28.3 This clause does not apply to the service of any proceedings or any documents in any legal action or, where applicable, any arbitration or other method of dispute resolution.
29. Multi-tiered dispute resolution procedure
29.1 If a dispute arises out of or in connection with this agreement or the performance, validity or enforceability of it (Dispute) then the parties shall follow the procedure set out in this clause:
(a) either party shall give to the other written notice of the Dispute, setting out its nature and full particulars (Dispute Notice), together with relevant supporting documents. On service of the Dispute Notice, the Managing Director of the Customer and Managing Director of Trojan shall attempt in good faith to resolve the Dispute; and
(b) if the Managing Director of the Customer and Managing Director of Trojan are for any reason unable to resolve the Dispute within 30 days of it being referred to them, the parties will attempt to settle it by mediation in accordance with the CEDR Model Mediation Procedure. Unless otherwise agreed between the parties, the mediator shall be nominated by CEDR. To initiate the mediation, a party must serve notice in writing (ADR notice) to the other party to the Dispute, requesting a mediation. A copy of the ADR notice should be sent to CEDR. The mediation will start not later than 14 days after the date of the ADR notice.

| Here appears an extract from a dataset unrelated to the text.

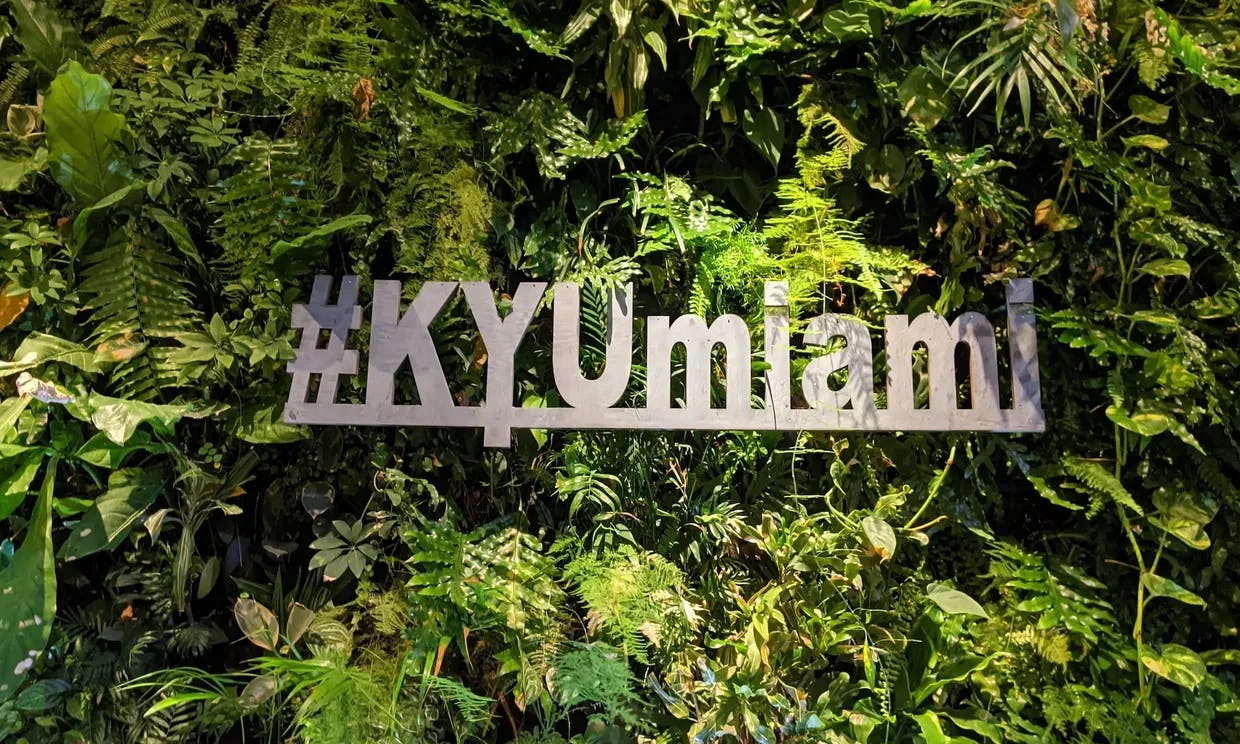 Cover Image for KYU Miami Restaurant Review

29.2 No party may commence any court proceedings under clause 31 (Jurisdiction) (in relation to the whole or part of the Dispute until 30 days after service of the ADR notice, provided that the right to issue proceedings is not prejudiced by a delay.
29.3 If the Dispute is not resolved within 30 days after service of the ADR notice, or either party fails to participate or to continue to participate in the mediation before the expiration of the said period of 30 days, or the mediation terminates before the expiration of the said period of 30 days, the Dispute shall be finally resolved by the courts of Ireland in accordance with clause 31 (Jurisdiction).
This agreement and any dispute or claim (including non-contractual disputes or claims) arising out of or in connection with it or its subject matter or formation shall be governed by and construed in accordance with the law of Ireland.
Each party irrevocably agrees that the courts of Ireland shall have exclusive jurisdiction to settle any dispute or claim (including non-contractual disputes or claims) arising out of or in connection with this agreement or its subject matter or formation.